秦野で見つけたパンケーキが美味しいカフェ

神奈川県秦野市にある、パンケーキが評判の「KAFE六月園」と「Breeze Cafe」をご紹介します。オーダーが入ってから丁寧に焼きあげられ、美しく盛り付けられたパンケーキが人気のお店です。弘法山や渋沢丘陵などハイキングで秦野周辺へお出かけの際には、ぜひお立ち寄りください。

洗練された空間でいただくパンケーキとパスタが人気のお店「KAFE六月園」

鶴巻温泉駅と秦野駅の間にあり、弘法山の南麓に位置する「東海大学前駅」は、東京ドーム約12個分という広大な東海大学湘南キャンパスの最寄り駅であり、学生のまちの玄関口です。

そのキャンパスへ向かうバス通り沿いの趣を感じさせるアパートの1階で営業するのが、「KAFE六月園」です。駅南口から歩いて6分ほど。入口に置かれた、手書きの看板が目印です。

もともとは2011年6月に相模大野で開店し、2020年11月まで営業されていたそうですが、コロナやライフステージの変化もあり、オーナーの上田ご夫妻の地元である秦野に移転することに。2021年5月にこの地でリニューアルオープンを果たしました。現在では、平日、週末問わず開店の11時前からお客さまが並んで待つことも多い人気のお店となっています。(現在、平日のみご予約にも対応されています。)

中央のアンティーク扉を開け、店内へ入ると、建物外観とのギャップに驚きます。ごく薄いグレー色の壁が、自然光の眩しさを和らげているようで落ち着きます。北欧でカフェを表す「KAFE」のとおり、内装やインテリアは北欧をイメージして統一し、洗練された空間が広がっています。

コーヒー豆の焙煎機が中央にあります。コーヒー党を自認するお二人は、秦野への移転を機に、コーヒー豆の自家焙煎もスタート。厳選したスペシャルティコーヒー豆のみを使用しているそうです。

店内にはテーブル席とソファー席があり、いずれも座面が少し低めで、ゆったりとした座り心地でリラックスできます。天井や壁にはダクトや配管がむき出しだったり、もともと使われていた柱やアルミのサッシも活かしていたりと、インダストリアル感とビンテージ感のバランスが秀逸です。

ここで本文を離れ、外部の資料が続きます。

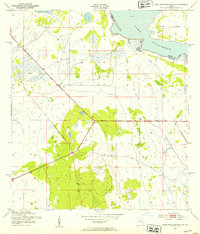 Lake Weohyakapka SE 1952 topographic map thumbnail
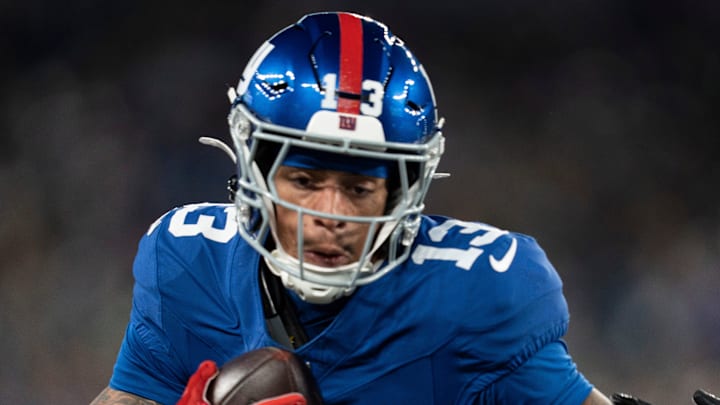 New York Giants wide receiver Jalin Hyatt's career has been a major disappointment. New York Giants wide receiver Jalin Hyatt's career has been a major disappointment.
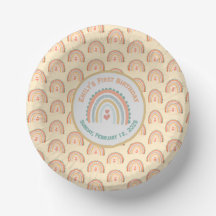 Girl's Natural Boho Rainbow Party Pale Yellow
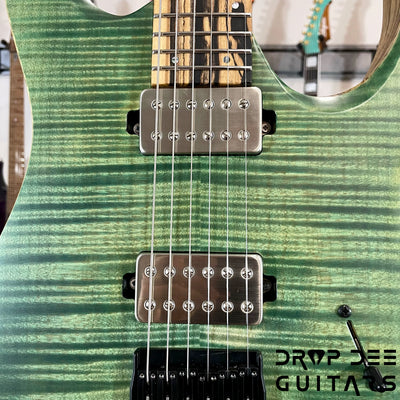 SMP Custom Shop Orpheus Electric Guitar w/ Case - Trans Green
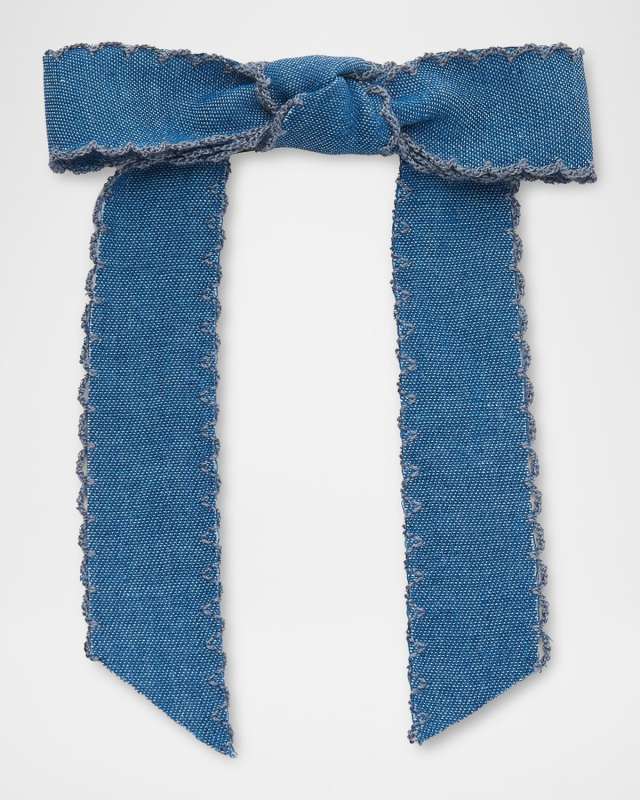 Bardot Scalloped Edge Bow Barrette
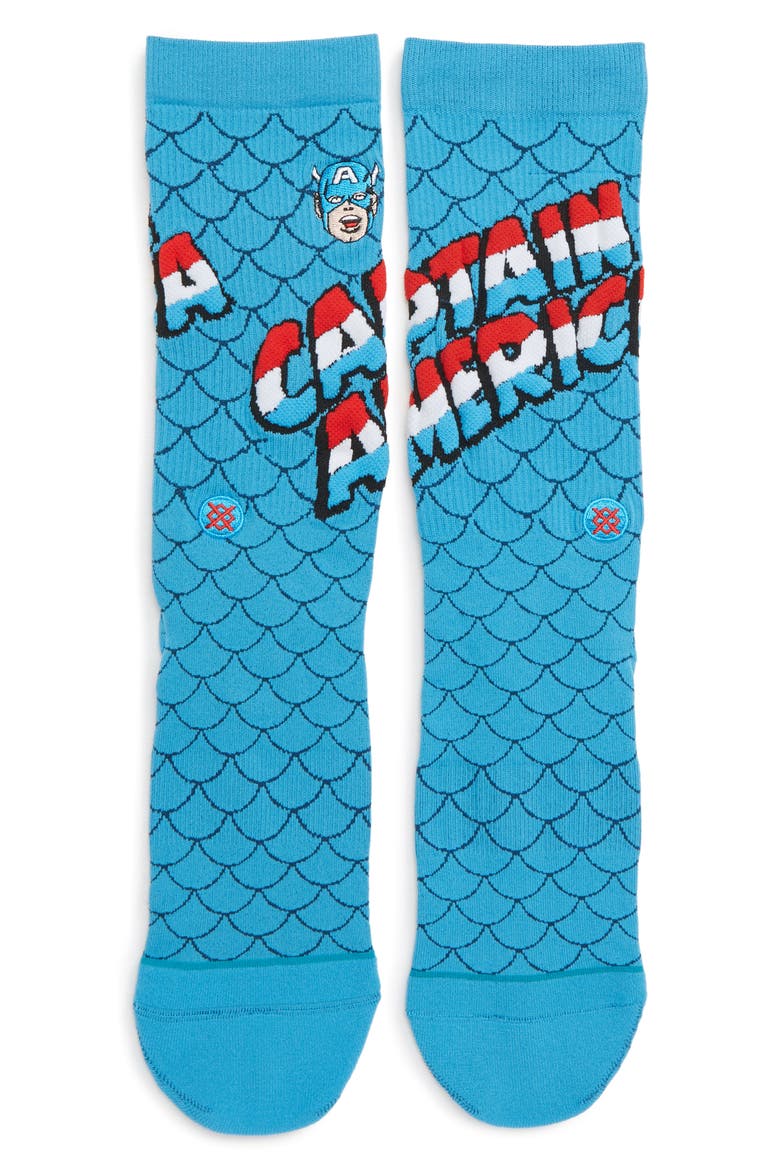 Captain America Socks, Main, color, BLUE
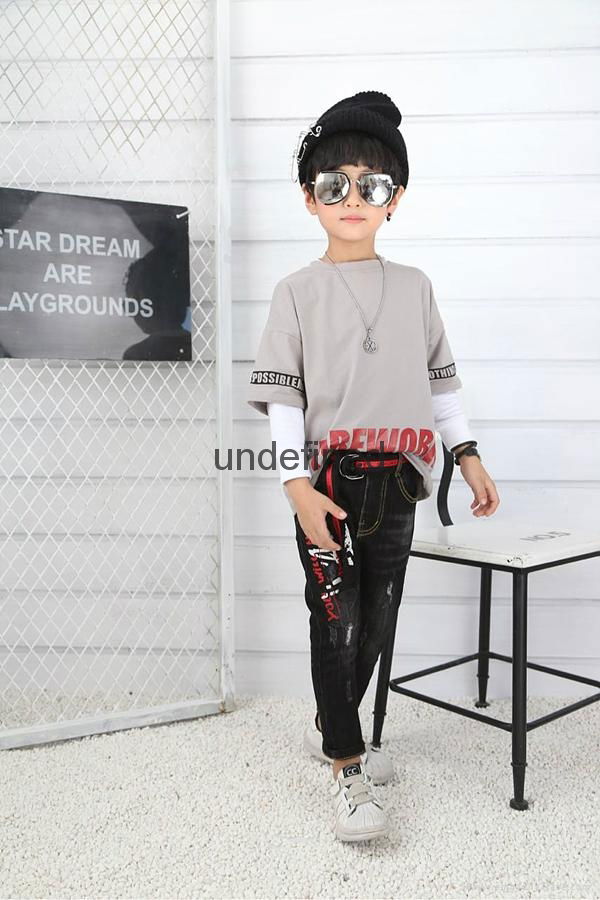 Hot Selling Boys Jeans Kids Straight Trousers Wholesale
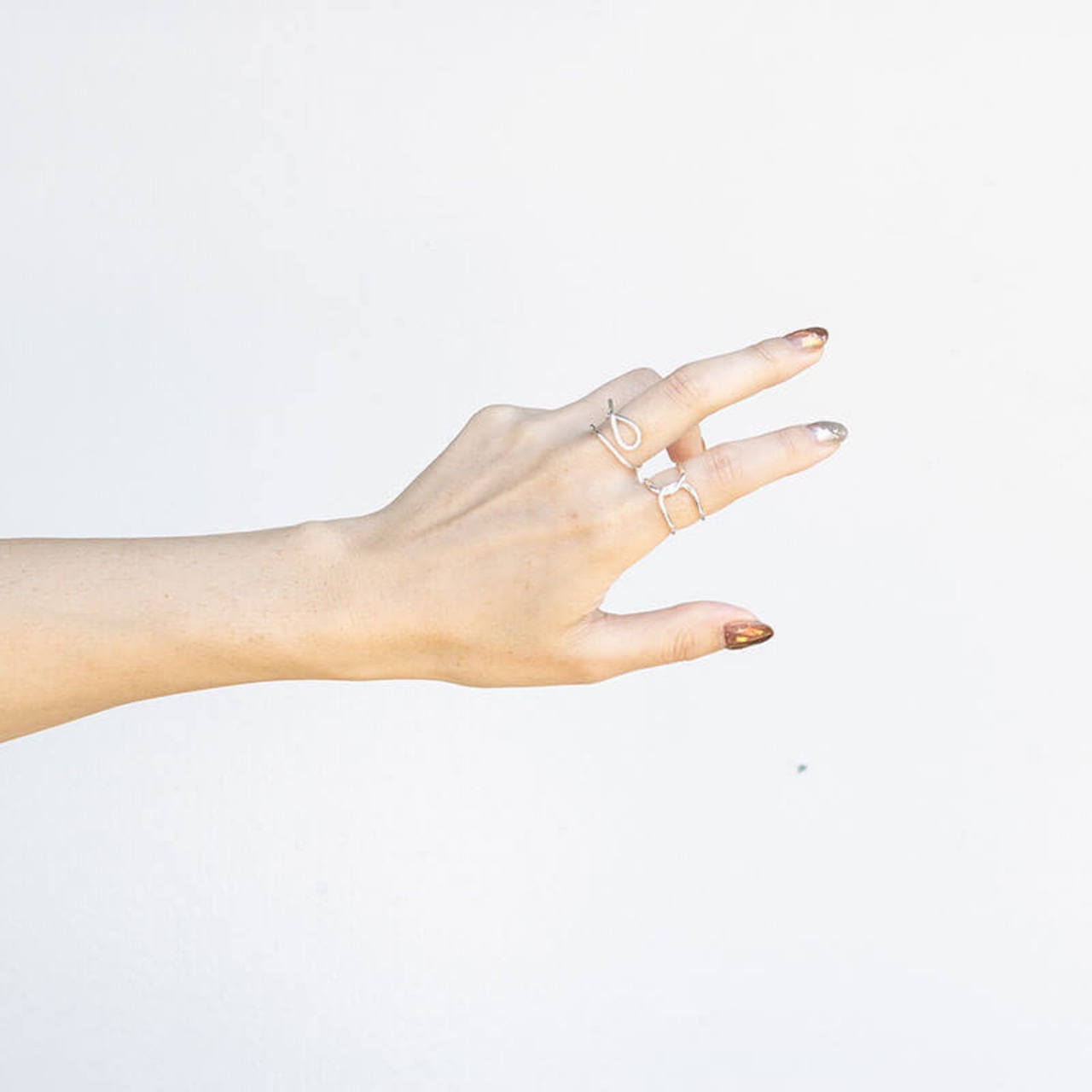 【ネコポス便】シルバー925 thin変形ラインリング (0374)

なんだか、お洒落な友人宅にお邪魔しているような気分になってきます。

相模大野で営業されていた頃からの人気という六月園の看板メニュー、パンケーキをいただきましょう。北海道産の小麦を中心に、新鮮な卵黄と牛乳など厳選した材料で作られているそうです。冷やされた生地が、銅板でじっくりと焼きあげられてゆきます。レギュラーサイズのパンケーキで直径10センチほど。きつね色の表面と垂直に立ち上がった縁の美しさに期待も高まります。

この日オーダーしたのはロングセラーで定番人気という「クリームブリュレとナッツのパンケーキ」です。クリームブリュレとアーモンドやクルミなどのナッツ類、そして生クリームとバニラアイスクリームがトッピングされています。高さのある華やかな盛り付けに、思わず目が釘付けになってしまいます。

さっそくパンケーキにナイフを入れて、いただきましょう。ほどよく口溶けする食感が絶妙で、リッチな味わいの中にほのかな塩味を感じます。ビターな風味のキャラメリゼや旨味の濃厚なナッツなど、甘さ以外の味わいも嬉しいです。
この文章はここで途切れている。